Figure 8: Segmented area replaced with “flooded street texture”
6. Introducing temporal information in the frame sequence generation
Finally, optical flow can also be used to produce a smoother transition across consecutive frames. In the example below, the vehicle lane is replaced with a “snowy street”
Algorithms for optical flow need to learn how to:
1. Find correspondence between points.
2. Compute the relative offsets between points.
3. Predict flow across large regions of space, even to parts of the image that lack texture for correspondence.
4. The learned procedure needs to generalize to real data, which means it needs to work for objects and textures that were not seen in the training data.
The accompanying code, implements two versions of optical flow: (1) using the classic Lucas-Kanade algorithm and (2) using Perceiver-IO.
Figure 9 shows the result of changing the street environment by using a prompt such as “snowy street, 4k”.
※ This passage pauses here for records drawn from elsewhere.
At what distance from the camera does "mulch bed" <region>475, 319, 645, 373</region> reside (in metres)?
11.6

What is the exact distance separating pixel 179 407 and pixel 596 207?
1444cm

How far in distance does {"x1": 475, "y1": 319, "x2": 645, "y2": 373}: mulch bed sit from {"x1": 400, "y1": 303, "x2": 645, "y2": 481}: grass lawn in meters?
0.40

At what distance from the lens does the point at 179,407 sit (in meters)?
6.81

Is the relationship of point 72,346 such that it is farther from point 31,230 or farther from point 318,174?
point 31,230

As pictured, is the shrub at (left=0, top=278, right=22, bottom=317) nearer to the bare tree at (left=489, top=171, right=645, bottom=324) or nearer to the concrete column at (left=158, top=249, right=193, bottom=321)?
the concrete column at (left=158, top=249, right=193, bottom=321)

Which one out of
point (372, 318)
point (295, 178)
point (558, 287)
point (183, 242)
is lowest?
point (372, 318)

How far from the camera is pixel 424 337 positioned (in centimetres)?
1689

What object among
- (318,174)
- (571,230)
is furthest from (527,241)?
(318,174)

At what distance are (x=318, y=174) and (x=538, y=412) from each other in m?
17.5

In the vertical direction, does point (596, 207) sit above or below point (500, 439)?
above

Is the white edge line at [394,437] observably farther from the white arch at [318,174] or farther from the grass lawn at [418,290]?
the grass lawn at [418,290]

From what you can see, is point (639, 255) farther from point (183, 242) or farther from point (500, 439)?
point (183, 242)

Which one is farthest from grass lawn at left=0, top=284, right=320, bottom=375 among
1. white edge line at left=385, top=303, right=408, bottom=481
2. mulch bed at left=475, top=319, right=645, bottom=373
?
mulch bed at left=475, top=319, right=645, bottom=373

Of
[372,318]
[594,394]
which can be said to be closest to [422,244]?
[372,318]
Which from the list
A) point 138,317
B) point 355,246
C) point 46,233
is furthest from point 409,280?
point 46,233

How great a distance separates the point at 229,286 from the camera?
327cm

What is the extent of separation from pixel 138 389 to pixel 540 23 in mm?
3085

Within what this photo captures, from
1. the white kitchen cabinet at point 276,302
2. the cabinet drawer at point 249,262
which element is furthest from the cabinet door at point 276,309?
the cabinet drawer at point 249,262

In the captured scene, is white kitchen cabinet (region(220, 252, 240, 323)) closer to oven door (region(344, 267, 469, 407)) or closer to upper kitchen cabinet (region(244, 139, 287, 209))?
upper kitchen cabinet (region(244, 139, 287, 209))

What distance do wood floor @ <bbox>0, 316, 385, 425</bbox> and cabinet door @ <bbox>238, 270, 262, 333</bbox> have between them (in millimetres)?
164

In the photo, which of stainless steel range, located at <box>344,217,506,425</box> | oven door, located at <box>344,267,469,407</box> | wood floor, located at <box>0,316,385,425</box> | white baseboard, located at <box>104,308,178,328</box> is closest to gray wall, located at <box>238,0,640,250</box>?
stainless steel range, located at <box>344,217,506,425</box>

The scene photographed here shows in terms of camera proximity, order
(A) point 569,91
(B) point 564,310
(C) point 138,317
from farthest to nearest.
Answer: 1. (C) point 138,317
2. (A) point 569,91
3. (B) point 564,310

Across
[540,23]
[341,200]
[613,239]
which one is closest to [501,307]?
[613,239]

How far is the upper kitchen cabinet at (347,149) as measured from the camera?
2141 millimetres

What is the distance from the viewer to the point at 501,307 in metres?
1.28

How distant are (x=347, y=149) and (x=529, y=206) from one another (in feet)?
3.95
Figure 9: Segmented area replaced with “snowy street” with temporal smoothing
Cleanup
Deleting the CloudFormation stack would remove all the resources that were originally created. If the deletion fails and returns a DELETE_FAILED
state, you can choose to delete the stack by force.
Conclusion
This blog post illustrated a combination of models and techniques for performing automated, customizable augmentations on visual content using Generative AI and computer vision with focus on autonomous driving. By simplifying the interaction with models using natural language prompts, users can create alterations such as changing the weather or removing objects from the scene. In addition, this post also shown how these single-frame augmentations can be extended to video-like content using computer vision techniques like optical flow.
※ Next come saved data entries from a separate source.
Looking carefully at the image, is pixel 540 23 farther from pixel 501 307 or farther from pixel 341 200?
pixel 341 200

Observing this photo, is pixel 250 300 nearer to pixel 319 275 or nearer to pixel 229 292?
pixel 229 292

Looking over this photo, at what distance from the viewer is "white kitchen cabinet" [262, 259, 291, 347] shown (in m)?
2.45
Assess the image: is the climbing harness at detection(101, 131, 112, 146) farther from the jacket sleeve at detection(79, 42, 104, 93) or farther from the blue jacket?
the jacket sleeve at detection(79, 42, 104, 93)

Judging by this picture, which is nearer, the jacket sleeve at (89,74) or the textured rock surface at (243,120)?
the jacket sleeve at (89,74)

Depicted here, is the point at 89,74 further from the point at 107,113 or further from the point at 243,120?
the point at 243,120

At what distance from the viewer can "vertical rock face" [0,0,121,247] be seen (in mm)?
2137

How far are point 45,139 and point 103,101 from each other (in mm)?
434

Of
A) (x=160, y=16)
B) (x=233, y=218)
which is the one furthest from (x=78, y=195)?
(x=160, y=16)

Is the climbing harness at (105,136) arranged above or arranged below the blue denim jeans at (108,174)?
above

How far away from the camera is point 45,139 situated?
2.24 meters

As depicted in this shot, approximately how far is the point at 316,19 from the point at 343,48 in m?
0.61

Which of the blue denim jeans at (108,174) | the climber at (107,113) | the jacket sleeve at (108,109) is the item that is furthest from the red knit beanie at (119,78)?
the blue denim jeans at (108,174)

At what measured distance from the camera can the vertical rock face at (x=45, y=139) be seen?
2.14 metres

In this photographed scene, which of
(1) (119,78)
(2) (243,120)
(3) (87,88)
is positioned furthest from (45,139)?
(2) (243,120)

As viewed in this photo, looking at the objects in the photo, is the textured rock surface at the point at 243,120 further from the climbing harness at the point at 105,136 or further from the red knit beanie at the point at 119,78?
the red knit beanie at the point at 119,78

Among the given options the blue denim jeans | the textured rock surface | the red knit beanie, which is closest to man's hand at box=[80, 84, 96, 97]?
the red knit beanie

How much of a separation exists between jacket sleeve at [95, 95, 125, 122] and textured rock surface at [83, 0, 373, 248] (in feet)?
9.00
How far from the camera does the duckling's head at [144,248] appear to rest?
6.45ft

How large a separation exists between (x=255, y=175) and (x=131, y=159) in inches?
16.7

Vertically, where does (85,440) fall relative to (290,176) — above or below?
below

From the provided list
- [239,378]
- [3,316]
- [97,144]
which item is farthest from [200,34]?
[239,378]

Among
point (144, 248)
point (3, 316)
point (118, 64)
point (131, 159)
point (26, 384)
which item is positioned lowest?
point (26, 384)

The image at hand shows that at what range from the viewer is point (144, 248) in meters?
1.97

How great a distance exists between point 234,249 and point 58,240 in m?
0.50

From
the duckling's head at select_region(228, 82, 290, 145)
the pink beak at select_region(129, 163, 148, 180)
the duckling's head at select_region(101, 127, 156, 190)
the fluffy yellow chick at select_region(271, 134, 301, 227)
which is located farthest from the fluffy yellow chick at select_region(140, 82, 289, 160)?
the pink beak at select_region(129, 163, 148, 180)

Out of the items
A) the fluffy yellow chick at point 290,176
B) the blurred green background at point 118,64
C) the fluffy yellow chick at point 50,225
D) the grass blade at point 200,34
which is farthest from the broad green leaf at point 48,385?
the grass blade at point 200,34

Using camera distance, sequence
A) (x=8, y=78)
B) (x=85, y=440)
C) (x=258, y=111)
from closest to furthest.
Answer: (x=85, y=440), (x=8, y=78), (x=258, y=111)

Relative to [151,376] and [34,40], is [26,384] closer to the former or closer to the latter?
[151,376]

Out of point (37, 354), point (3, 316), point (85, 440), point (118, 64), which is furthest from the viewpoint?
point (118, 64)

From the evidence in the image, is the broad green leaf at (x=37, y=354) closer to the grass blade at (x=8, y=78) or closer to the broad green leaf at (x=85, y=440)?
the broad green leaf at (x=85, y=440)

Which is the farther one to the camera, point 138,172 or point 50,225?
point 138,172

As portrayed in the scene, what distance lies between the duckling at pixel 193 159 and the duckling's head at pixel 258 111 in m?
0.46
As evidenced in the results, the technology still requires maturing to produce visuals that can rival those of real driving scenes. However, it is possible for developers to already find value in implementing this type of approach: slight alterations to existing scenes, for example, can expose models to a broader range of visual elements that can increase the robustness of their predictions, while maintaining the visual quality of the source content.
As a final comment, It is worth noting that the described approach is meant as an exercise in conceptual development for this industry, and should not be viewed as a production ready solution.